Ia meminta agar proses audit sistem ini segera dilakukan untuk mengidentifikasi penyebab utama keterlambatan. Selain itu, untuk menemukan permasalahan yang menghalangi pelaksanaannya.
“Coretax ini harus dipercepat. Sebenarnya, bagi saya ini sangat jelas; bagaimana mungkin Coretax sudah sepuluh tahun belum juga selesai? Apa yang terjadi? Ini perlu diperhatikan. Oleh karena itu, sekarang sudah saatnya Presiden melakukan audit.
Tidak ada undang-undang yang melarang audit, kan? Presiden bisa mengevaluasi di mana letak kekurangan. Terlebih lagi, Coretax kembali menggunakan sistem lama ini,” ungkap Luhut dalam acara The Economics Insight di Hotel Westin Jakarta, Rabu (19/2).
Baca Juga:
Dia menambahkan bahwa keterhentian dalam pengembangan Coretax dapat mempengaruhi rendahnya rasio pajak di Indonesia, yang masih berada di angka sepuluh persen. Luhut menekankan pentingnya adanya transparansi dan evaluasi yang komprehensif atas sistem ini untuk meningkatkan efektivitas pengelolaan perpajakan.
“Situasi seperti ini tidak seharusnya terjadi. Kita harus menanyakan, mengapa rasio pajak kita hanya sepuluh persen? Mengapa tidak bisa meningkat? Pertanyaan ini perlu dijawab dengan melakukan audit agar kita memahami masalah sebenarnya,” tuturnya.

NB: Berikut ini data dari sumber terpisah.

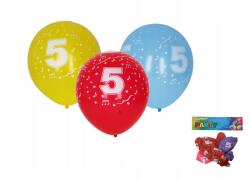 Wiky Felfújható lufi, 30cm, 5 db, 5-ös szám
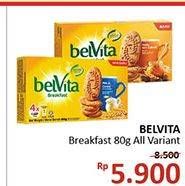 Promo Harga BELVITA Biskuit Breakfast All Variants 80 gr - Alfamidi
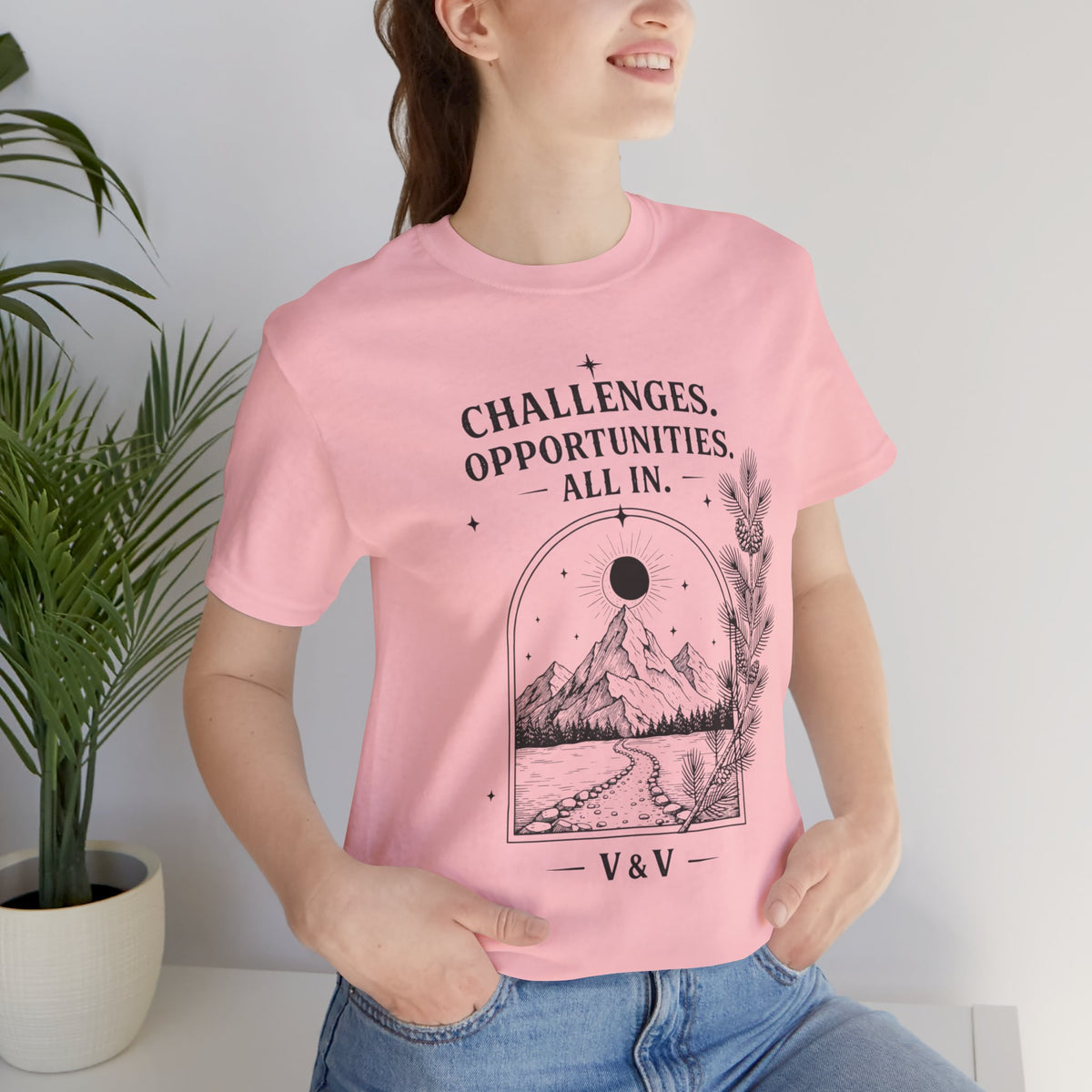 Challenges. Opportunities. | ALL IN Tee | Daybreak Edition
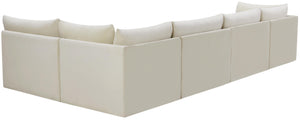 Jacob Cream Velvet Modular Sectional - Furnish 4 Less 98 (NY)*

Coretax, yang diluncurkan secara bertahap oleh Direktorat Jenderal Pajak (DJP) sering mengalami berbagai kendala. Di antaranya adalah kesulitan login, masalah saat input data, dan penundaan dalam transaksi.
Komisi XI DPR RI dan Direktorat Jenderal Perpajakan (DJP) Kementerian Keuangan sepakat untuk kembali menggunakan sistem lama dalam urusan perpajakan. Sistem lama yang dimaksud adalah pembayaran dan pelaporan pajak melalui DJP online (pajak.go.id).
Baca Juga:
Puncak Demonstrasi di Indonesia Berlangsung Saat Pelantikan Pejabat Daerah di Istana
“Direktur Jenderal Pajak Kementerian Keuangan agar mengaktifkan kembali sistem perpajakan yang lama sebagai langkah mitigasi dalam pelaksanaan Coretax yang masih dalam penyempurnaan, untuk memastikan tidak mengganggu konektivitas penerimaan pajak,” jelas Misbakhun di Gedung DPR RI, Jakarta, Senin (10/2).
Misbakhun menjelaskan bahwa penggunaan Coretax akan bersamaan dengan sistem lama. Tujuannya agar penerimaan pajak tetap lancar. “Karena pajak ini sangat vital bagi kas negara. Tadi kami menyimpulkan bahwa Ditjen Pajak perlu memanfaatkan kembali sistem perpajakan yang lama,” ungkapannya.
Dia juga menambahkan, meskipun sistem lama digunakan kembali, implementasi Coretax tetap berlangsung. Meskipun menurut Misbakhun, Komisi XI sebelumnya sempat sepakat untuk meminta DJP menunda implementasi Coretax. Dalam hal ini, Direktur Jenderal Pajak Kemenkeu, Suryo Utomo, menyatakan bahwa kedua sistem perpajakan ini akan beroperasi secara bersamaan.